# Will my MAC play Call of Duty 4?



## coolio2654 (Dec 2, 2008)

Kk, I know my comp meets the minimum system requirements, but that's the problem.  I want to know if I'll still get a good gaming experience.
These pics show my Hardware info
Will my MAC be able to play the game without freezing all too often and will I get a good multiplayer experience?


----------



## ora (Dec 3, 2008)

Short answer, no. I played this game mostly on the PC but an 128mb ram video card and  1 gb ram will make for a basic gaming experience - it shouldn't crash but you will have to choose between lower graphics settings or lower frame rates.
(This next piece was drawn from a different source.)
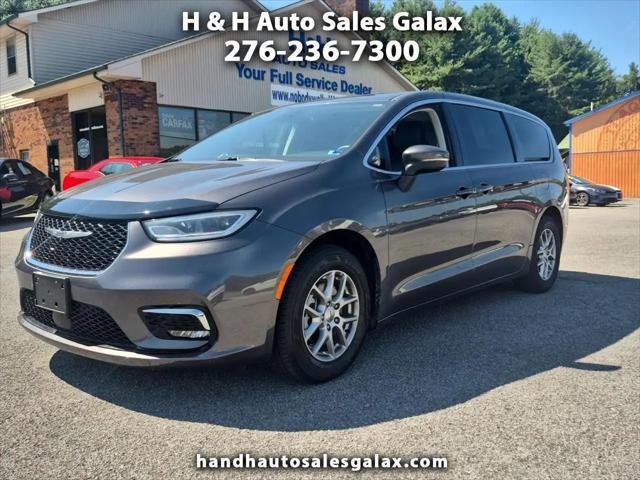 2023 Chrysler Pacifica Touring L for sale in Galax, VA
Whether for CoD4 or general use, I'd up that RAM as far as you can from someone like crucial.com . I think your machine is prob max 3gb, so just buy a 2gb board. If its one of the newer silver iMacs you can fit it yourself easily. That will make CoD4 faster though you may still be limited by the graphics card. The new ATI cards do more with less ram than their Nvidia counterparts but that HD2400 is not a brilliant gaming card.
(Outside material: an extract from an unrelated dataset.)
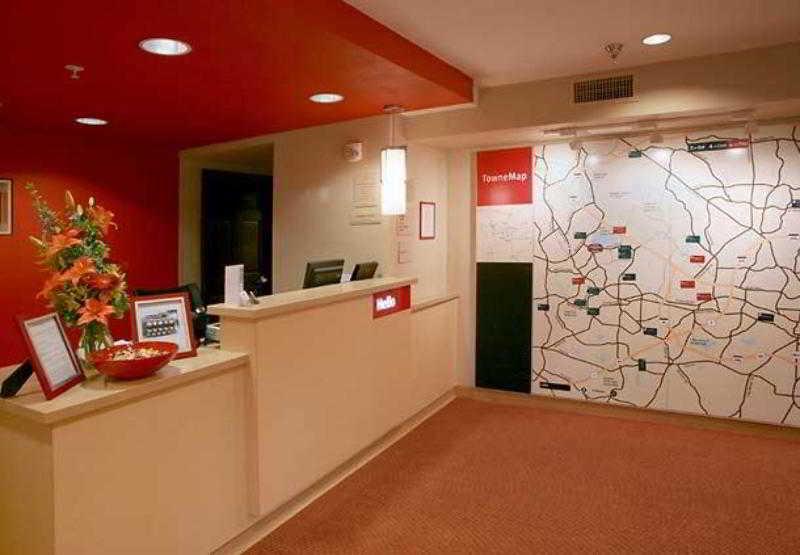Towneplace Suites Raleigh Cary/Weston Parkway Beltér fotó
For multiplayer, i would say you'd have more not less of a problem. Multiplayer is buggier anyway, more prone to random lag, and if your machine is also struggling you won't do brilliantly. Its a twitchy kind of game so seeing things quickly and reacting to them quickly are important.

If there is a demo, why not try that? It will give you a better idea. As I said I'd up the ram anyway for general use (and certainly for gaming) and that may make CoD4 play great, but I couldn't guarantee it.


----------



## bbloke (Dec 4, 2008)

By the way, although it's not quite addressing the original question, you may be interested in Aspyr's Game Agent if you haven't seen it already.  This is designed to let users know which of Aspyr's games will work on their current system.


----------